Nevertheless, such facilities have yet to calm the market. The failure of liquidity provision to stabilize the market in the March 2023 banking crisis is partially generated by the intellectual mismatch between the root of the banks’ vulnerability (interest rate risk) and the proposed remedies (liquidity backstops). The reason is the change in the banks’ business model. Commercial banks started to hold excessively safe assets, such as government bonds, to prevent a GFC-like crisis and escape regulatory pressure. Government bonds may not have default risk. They are also liquid. However, their market value goes down when rates rise. In addition, rising interest rates generally force banks to raise deposit rates or lose funds to alternatives such as money-market funds. For banks, that was only an issue if the bonds were not adequately hedged and had to be sold to redeem deposits, which is exactly what happened to SVB. The signature relied more on loans, but it also experienced a run on its uninsured deposits. 

Regional banks’ business model exposes them to unusually high interest rate risks. Regional banks’ liabilities are mostly deposits from modern corporates such as Venture Capitals (VCs), Startups, and Crypto firms. These corporate depositors do not need a bank loan. Instead, they can raise cheap funding through equity, IPOs, and other capital market techniques. As a result, banks use their cash to purchase a very high level of interest-sensitive fixed-income assets such as bonds. The classic problem with holding a large portfolio of fixed-income assets is that when rates go up, they fall in value, as with SVB’s assets. At the same time, as deposits pay competitive rates, higher rates increase the value of banks’ liabilities. This is called “interest rate risk.” All types of deposit-taking activities involve a certain level of interest rate exposure. However, commercial banks’ portfolios used to be more diversified as they also made floating-rate corporate loans. As a result, their balance sheets were less sensitive to interest rate changes in the past.

The heightened sensitivity of banks’ assets to interest rate risks could stay unrecognized by more traditional depositors who treat checkable deposits as safe as government liability. However, like equity investors, corporate clients use all the available information to continuously mark-to-market bank assets. When interest rate is volatile, as was the case in the past few years as a result of the Fed’s policies, bond prices change dramatically. If these assets are marked to market, their fair value sometimes falls below their book value. More informed and rational depositors are impatient and reactive to such developments. As was the case for the SVB, they could hugely penalize the banks by collectively withdrawing their funds and creating a run on a bank. The SVB-derived banking crisis showed that compared to other depositors in history, these new and individually rational types of corporate depositors could collectively create a more unstable banking system.

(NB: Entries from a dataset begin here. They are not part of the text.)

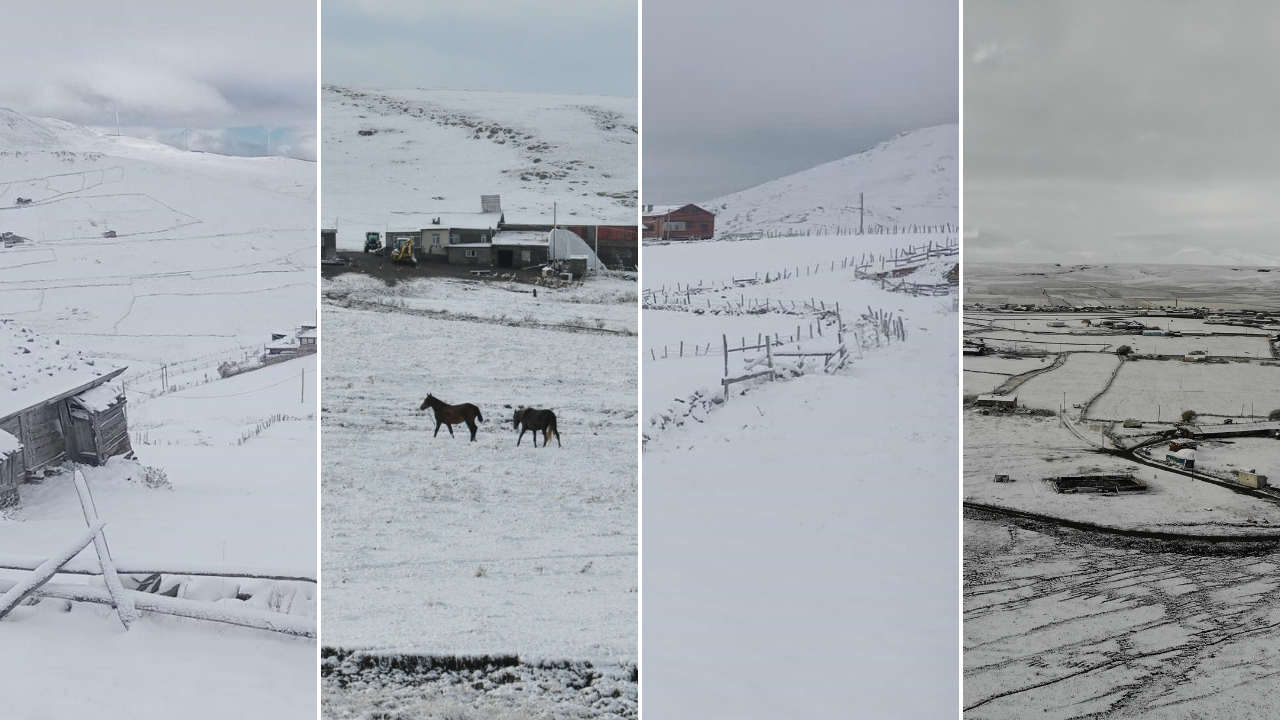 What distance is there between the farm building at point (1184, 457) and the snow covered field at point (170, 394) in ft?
9.85

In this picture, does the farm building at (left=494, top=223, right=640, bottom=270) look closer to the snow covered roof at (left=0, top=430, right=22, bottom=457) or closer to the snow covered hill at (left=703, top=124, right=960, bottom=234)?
the snow covered hill at (left=703, top=124, right=960, bottom=234)

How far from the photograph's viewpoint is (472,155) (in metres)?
3.09

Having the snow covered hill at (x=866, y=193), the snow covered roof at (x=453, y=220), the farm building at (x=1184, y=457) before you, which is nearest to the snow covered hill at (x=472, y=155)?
the snow covered roof at (x=453, y=220)

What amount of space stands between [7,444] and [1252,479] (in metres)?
4.11

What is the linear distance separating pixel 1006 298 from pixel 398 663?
8.38 feet

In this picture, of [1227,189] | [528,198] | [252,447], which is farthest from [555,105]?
[1227,189]

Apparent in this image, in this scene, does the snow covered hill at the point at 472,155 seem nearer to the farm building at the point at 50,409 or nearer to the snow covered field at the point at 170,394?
the snow covered field at the point at 170,394

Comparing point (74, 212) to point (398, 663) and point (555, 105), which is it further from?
point (398, 663)

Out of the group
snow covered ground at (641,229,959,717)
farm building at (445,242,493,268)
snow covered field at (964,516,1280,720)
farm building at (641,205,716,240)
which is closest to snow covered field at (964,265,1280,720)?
snow covered field at (964,516,1280,720)

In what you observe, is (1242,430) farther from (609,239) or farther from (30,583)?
(30,583)

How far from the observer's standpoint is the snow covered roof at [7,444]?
2633 millimetres

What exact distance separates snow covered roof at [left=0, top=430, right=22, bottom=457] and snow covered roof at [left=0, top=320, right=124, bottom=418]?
0.06m

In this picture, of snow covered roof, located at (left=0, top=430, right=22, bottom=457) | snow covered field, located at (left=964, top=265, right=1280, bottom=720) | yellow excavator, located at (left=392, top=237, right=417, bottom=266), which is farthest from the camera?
yellow excavator, located at (left=392, top=237, right=417, bottom=266)

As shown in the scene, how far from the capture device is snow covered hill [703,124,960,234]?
3.19 meters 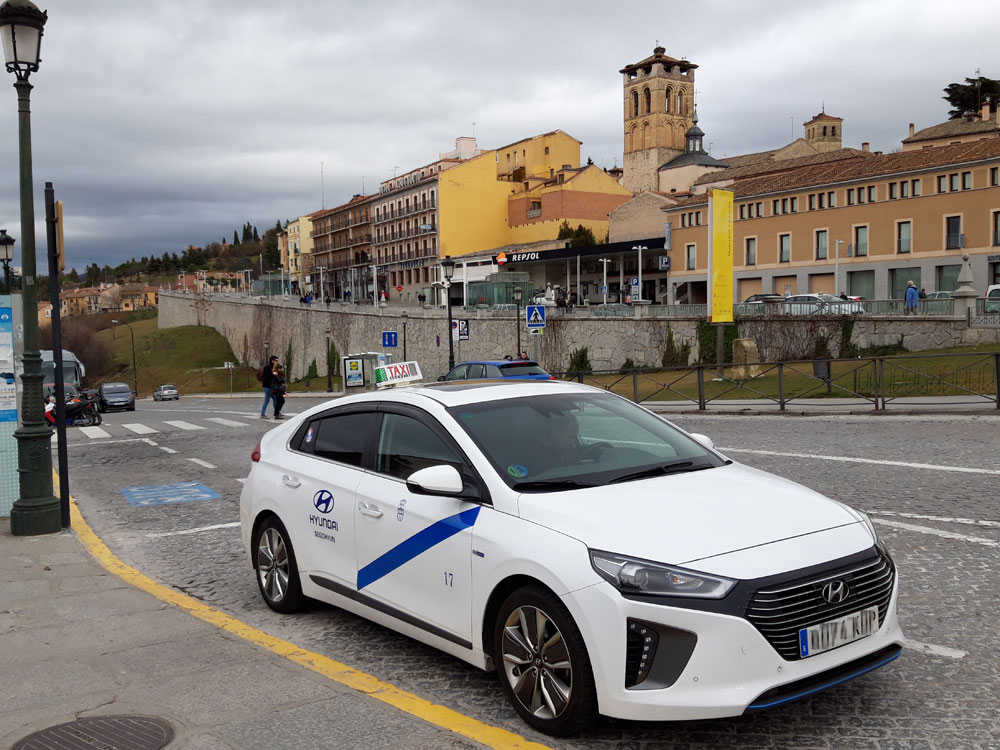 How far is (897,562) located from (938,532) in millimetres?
Result: 1156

As a result, regulators are deciding how to secure this segment of the banking system that is unusually exposed to interest rate risk. Nonetheless, regulators should consider more innovative risk management approaches instead of returning to the standard regulatory toolkits, such as stress tests. For example, they could require the banks with such a business model to use interest rate swaps (IRS). First, from a risk management perspective, IRS can provide interest rate hedges. As corporate depositors continuously mark-to-market banks’ financial positions, neutralization could help calm their nerves when interest rates are highly volatile. IRS could also act as a cash management tool. The parallel loan structure of the IRS synthetically transforms the banks’ fixed-income assets into floating-rate- assets to match deposits’ cash flows.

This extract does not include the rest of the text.